■ ABOUT THIS TASK ■
Go to the line with "MS Hamburg at anchor in Nosy Be, Madagascar" in the records below, then output it and each following line exactly, up to and including the line with "Passenger Right Side". Skip pictures and add nothing.

RECORDS FOR THIS EXERCISE below:

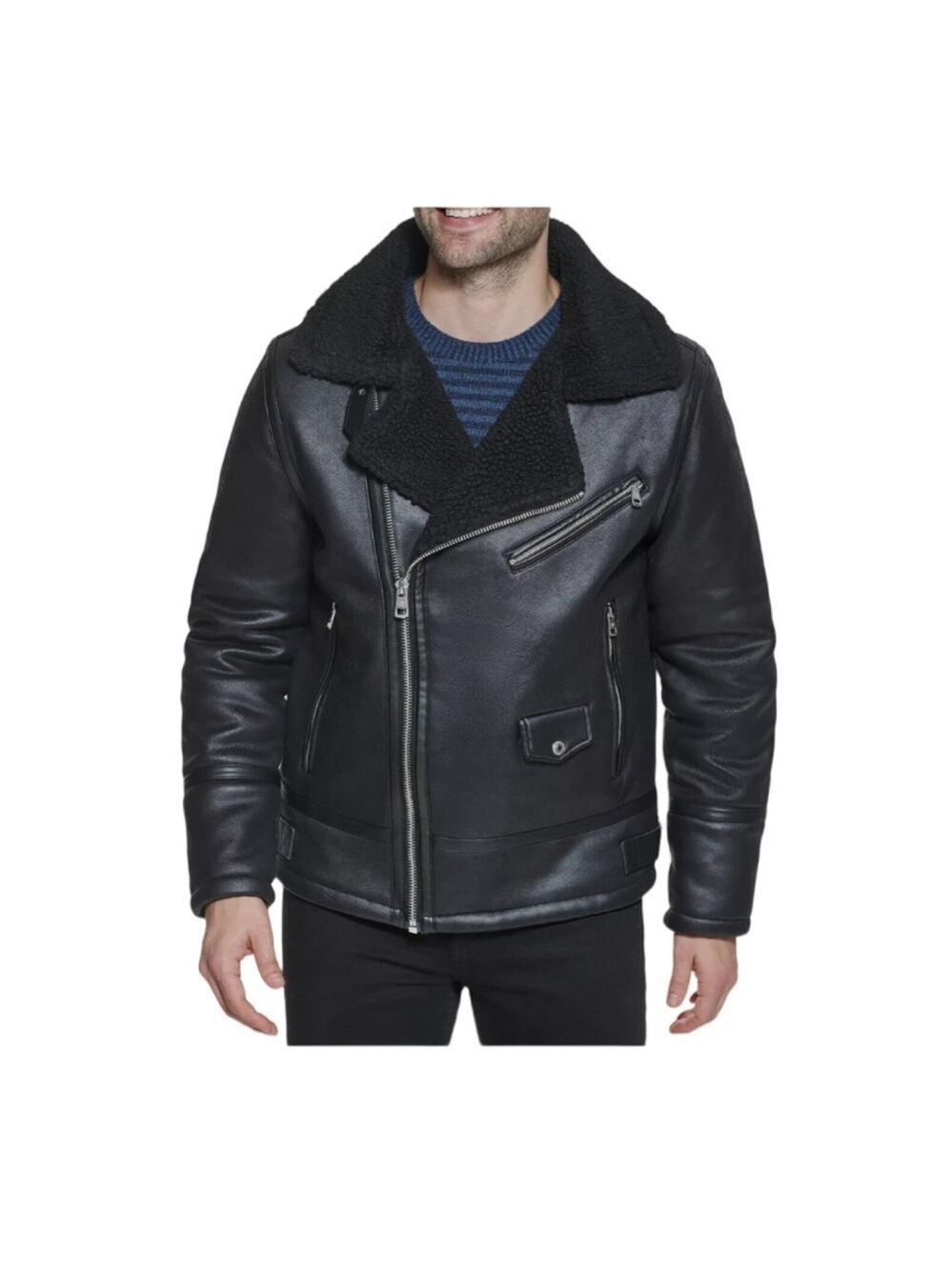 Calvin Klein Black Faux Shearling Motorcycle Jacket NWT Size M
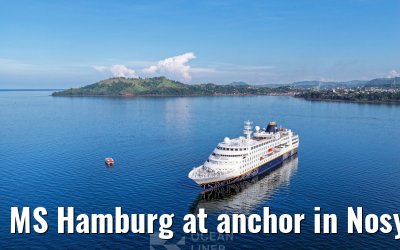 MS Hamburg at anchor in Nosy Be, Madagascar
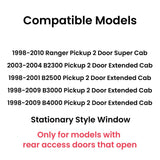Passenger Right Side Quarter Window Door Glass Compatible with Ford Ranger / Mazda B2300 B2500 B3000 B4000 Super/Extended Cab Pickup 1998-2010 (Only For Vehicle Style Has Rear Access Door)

End of RECORDS FOR THIS EXERCISE.
RECORDS FOR THIS EXERCISE below:

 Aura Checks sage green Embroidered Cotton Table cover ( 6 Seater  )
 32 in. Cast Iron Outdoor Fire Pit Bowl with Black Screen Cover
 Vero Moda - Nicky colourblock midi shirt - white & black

End of RECORDS FOR THIS EXERCISE.
RECORDS FOR THIS EXERCISE below:

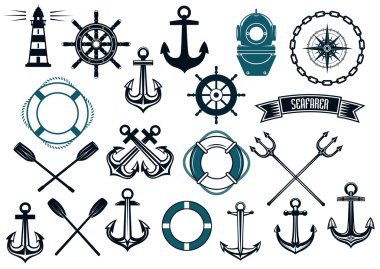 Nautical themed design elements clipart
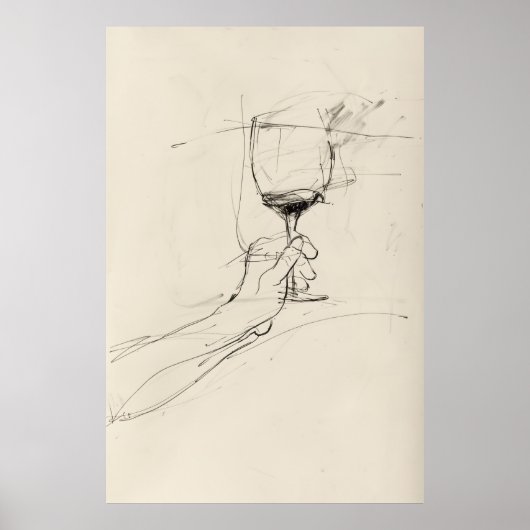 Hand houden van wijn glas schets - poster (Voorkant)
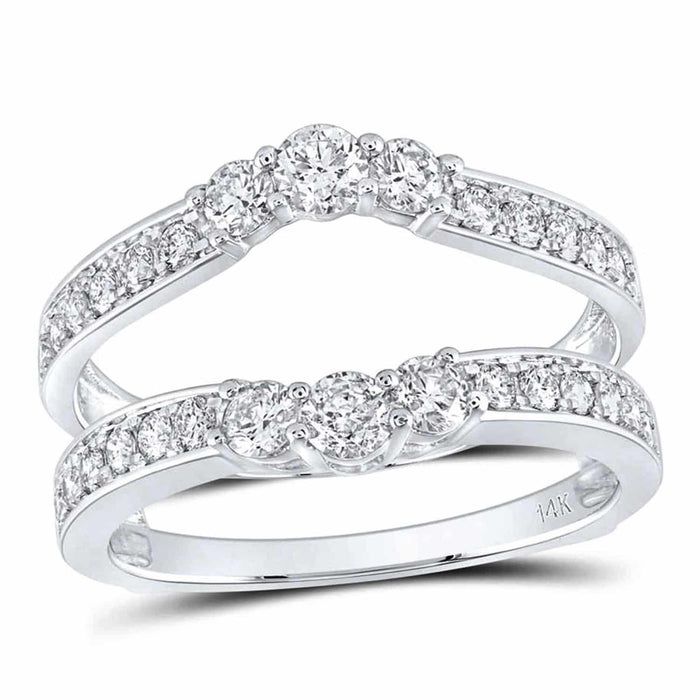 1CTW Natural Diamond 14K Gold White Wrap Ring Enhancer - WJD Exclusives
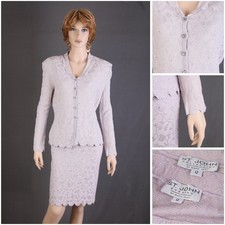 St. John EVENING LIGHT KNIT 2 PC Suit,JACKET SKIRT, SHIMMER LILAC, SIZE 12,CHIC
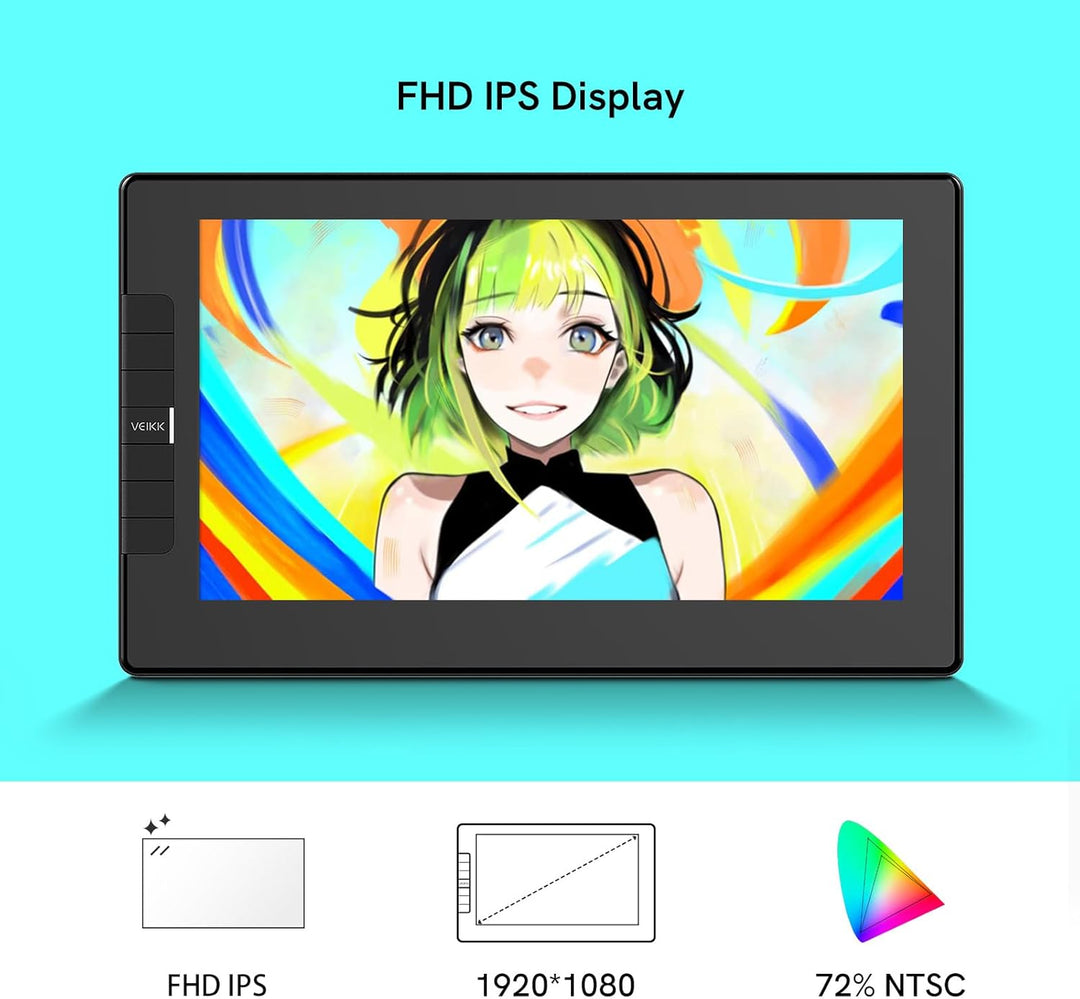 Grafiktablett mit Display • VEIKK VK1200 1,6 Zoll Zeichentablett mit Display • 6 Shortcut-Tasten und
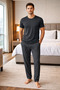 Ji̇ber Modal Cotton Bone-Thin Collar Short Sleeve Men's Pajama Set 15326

End of RECORDS FOR THIS EXERCISE.

■ OUTPUT FOR THIS TASK ■
 MS Hamburg at anchor in Nosy Be, Madagascar
Passenger Right Side Quarter Window Door Glass Compatible with Ford Ranger / Mazda B2300 B2500 B3000 B4000 Super/Extended Cab Pickup 1998-2010 (Only For Vehicle Style Has Rear Access Door)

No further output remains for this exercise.